Quería que la ciudad se rindiera a sus pies, y en cierto modo así fue. En 2014, presentó en el Hotel W su disco Shakira -el primero desde Sale el sol (2010)-, cuando ya había dado a luz a su primer hijo, y parecía que estaba perfectamente integrada entre la bella sociedad condal, dándole glamour al suelo que pisaba. Pero a partir de entonces, se le empezó a ver menos.

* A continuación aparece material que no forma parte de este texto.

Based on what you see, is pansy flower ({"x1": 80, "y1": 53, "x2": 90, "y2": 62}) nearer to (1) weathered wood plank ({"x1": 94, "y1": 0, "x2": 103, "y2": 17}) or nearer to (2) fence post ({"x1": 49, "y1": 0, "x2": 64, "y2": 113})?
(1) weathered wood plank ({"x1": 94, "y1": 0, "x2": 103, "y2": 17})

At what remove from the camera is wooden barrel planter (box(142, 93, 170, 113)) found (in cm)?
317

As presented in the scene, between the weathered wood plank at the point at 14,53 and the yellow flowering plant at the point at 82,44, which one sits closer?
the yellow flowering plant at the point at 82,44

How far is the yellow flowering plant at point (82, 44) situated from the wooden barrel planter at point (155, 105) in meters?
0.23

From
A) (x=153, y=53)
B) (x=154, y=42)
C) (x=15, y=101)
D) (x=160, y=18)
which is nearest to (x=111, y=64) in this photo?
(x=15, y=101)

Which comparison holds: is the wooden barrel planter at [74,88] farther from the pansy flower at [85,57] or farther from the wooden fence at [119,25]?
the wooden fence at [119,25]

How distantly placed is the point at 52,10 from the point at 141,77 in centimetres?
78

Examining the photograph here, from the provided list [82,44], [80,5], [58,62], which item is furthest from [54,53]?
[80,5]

En realidad, no tenía motivos para exhibirse. En Barcelona -realmente en las afueras-, Shakira tenía el domicilio familiar y poco más. Sus negocios, que no han dejado de multiplicarse en esta década -sumando líneas de lencería, inversiones inmobiliarias y participaciones en shows de televisión- han ido bien, y ni siquiera ha tenido que activar a tutiplén la maquinaria de las giras, lo que le ha permitido estar cerca de sus hijos y encargarse de la crianza en casa, a diferencia de Beyoncé o Irene, que echaban mano de niñeras. Durante un tiempo, incluso barajó la opción de aparcar la música; ahora que su vida ha dado un vuelco, darle un acelerón a su carrera es sin duda su prioridad inexcusable.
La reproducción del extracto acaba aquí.